In some cases where soil or a lawn has been neglected and nothing is growing, some serious rotavating will need to be done. In addition, when sowing a new lawn on soil that has been left to cultivate, rotavating is an equally good idea. Rotovating is simply breaking up and churning over the soil to form a new foundation for your grass to grow in. After rotovating, raking is recommended to finalise a level a new and fine seedbed. By completing this process, you’re giving your grass the best chance of growing. Not all lawns will need rotovated, existing lawns where the grass grows well but has a few patches will not need this kind of special attention. Some examples where rotovating would be applicable are: a new build where soil has been applied but left to cultivate and the homeowners have chosen to sow their own lawn, or a lawn that has been neglected / disused for many years in an empty property. Rotovating is the first step to lawn redemption!
What is an established lawn, and when can a lawn be considered established? A lawn is considered established after 1 year of having been sowed. This is when it is thoroughly rooted in the ground and has went through the growing season, had multiple cuts, a few feeds, and made it out the other end! Fertiliser can be applied to a new lawn, but avoid Feed, Weed and Moss Killer products until your lawn is established / reached its first birthday. Aww. A newly seeded lawn will ‘establish’ in 6-8 weeks – this means it qualifies for its first mow (it has grown to 5cm or taller), but will be fully ‘established’ in 12 months.
10. Annual / Perennial
An annual wildflower is a species of wildflower, and you would think from the name this would mean it appears annually.
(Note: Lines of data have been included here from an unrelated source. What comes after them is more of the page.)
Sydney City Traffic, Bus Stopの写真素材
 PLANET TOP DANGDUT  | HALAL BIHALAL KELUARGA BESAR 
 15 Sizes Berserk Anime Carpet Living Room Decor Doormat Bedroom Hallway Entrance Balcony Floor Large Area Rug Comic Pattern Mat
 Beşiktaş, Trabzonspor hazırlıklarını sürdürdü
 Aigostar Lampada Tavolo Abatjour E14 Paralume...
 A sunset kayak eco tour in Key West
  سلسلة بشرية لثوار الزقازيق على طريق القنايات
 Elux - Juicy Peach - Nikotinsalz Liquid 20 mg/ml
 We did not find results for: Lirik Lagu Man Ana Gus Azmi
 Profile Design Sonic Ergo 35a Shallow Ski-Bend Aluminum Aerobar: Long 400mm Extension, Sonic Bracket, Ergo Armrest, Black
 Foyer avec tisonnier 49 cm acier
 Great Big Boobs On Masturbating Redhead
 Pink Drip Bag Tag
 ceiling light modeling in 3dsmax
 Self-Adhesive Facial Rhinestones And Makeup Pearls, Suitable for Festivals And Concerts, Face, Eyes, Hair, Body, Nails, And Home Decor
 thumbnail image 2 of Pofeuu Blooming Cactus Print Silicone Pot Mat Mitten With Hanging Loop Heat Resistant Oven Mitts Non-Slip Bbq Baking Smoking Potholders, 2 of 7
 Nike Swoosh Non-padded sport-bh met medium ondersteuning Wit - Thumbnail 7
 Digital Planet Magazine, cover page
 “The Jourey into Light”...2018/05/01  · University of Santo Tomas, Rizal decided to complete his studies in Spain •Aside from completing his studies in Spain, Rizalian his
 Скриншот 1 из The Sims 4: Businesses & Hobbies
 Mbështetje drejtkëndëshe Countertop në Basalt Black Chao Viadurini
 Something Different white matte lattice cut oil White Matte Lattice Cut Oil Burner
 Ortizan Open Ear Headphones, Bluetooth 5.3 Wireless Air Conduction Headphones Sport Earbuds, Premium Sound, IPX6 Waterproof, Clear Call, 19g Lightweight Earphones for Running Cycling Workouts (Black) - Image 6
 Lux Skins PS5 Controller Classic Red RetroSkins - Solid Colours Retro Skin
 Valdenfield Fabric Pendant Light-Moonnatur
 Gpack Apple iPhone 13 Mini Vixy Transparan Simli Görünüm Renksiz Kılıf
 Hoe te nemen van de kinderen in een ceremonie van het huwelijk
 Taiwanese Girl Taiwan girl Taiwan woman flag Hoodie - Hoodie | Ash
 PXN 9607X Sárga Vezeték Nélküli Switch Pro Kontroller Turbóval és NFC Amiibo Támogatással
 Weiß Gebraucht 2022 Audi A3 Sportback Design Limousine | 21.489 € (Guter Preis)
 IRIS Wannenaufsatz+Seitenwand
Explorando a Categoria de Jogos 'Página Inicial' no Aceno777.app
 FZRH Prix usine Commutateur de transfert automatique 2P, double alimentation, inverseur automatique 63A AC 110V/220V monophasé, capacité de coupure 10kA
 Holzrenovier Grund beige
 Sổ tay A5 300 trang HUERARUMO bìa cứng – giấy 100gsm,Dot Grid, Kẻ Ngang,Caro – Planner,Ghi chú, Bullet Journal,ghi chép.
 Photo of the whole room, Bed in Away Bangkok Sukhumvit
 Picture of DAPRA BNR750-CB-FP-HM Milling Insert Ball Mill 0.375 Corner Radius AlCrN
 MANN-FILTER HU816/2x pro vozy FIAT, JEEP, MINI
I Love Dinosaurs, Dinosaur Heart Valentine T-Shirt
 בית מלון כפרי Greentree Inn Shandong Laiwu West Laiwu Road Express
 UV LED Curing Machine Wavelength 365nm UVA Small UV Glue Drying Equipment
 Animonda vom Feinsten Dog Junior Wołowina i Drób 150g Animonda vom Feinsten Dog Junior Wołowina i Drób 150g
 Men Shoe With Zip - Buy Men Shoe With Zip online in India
Annual wildflowers typically have one showing (bloom), around 60-80 days after they are sown. We say typically because you can help annual wildflowers show again by following a specific set of instructions – find out more here! As for perennials, they come back year after year. A great way to remember the difference between the two is using the ‘per’ in perennial – perennials have a new bloom ‘per’ year. The majority of our mixes contain a 50:50 mix of both annuals and perennials, because this way you get the best of both worlds – a wonderful one-off showing of annuals 60-80 days later, and perennials you get to enjoy year after year.So that’s our top ten most used technical terms. We hope you add them into your own Grass Glossary, or just your everyday lingo – if you want to show off!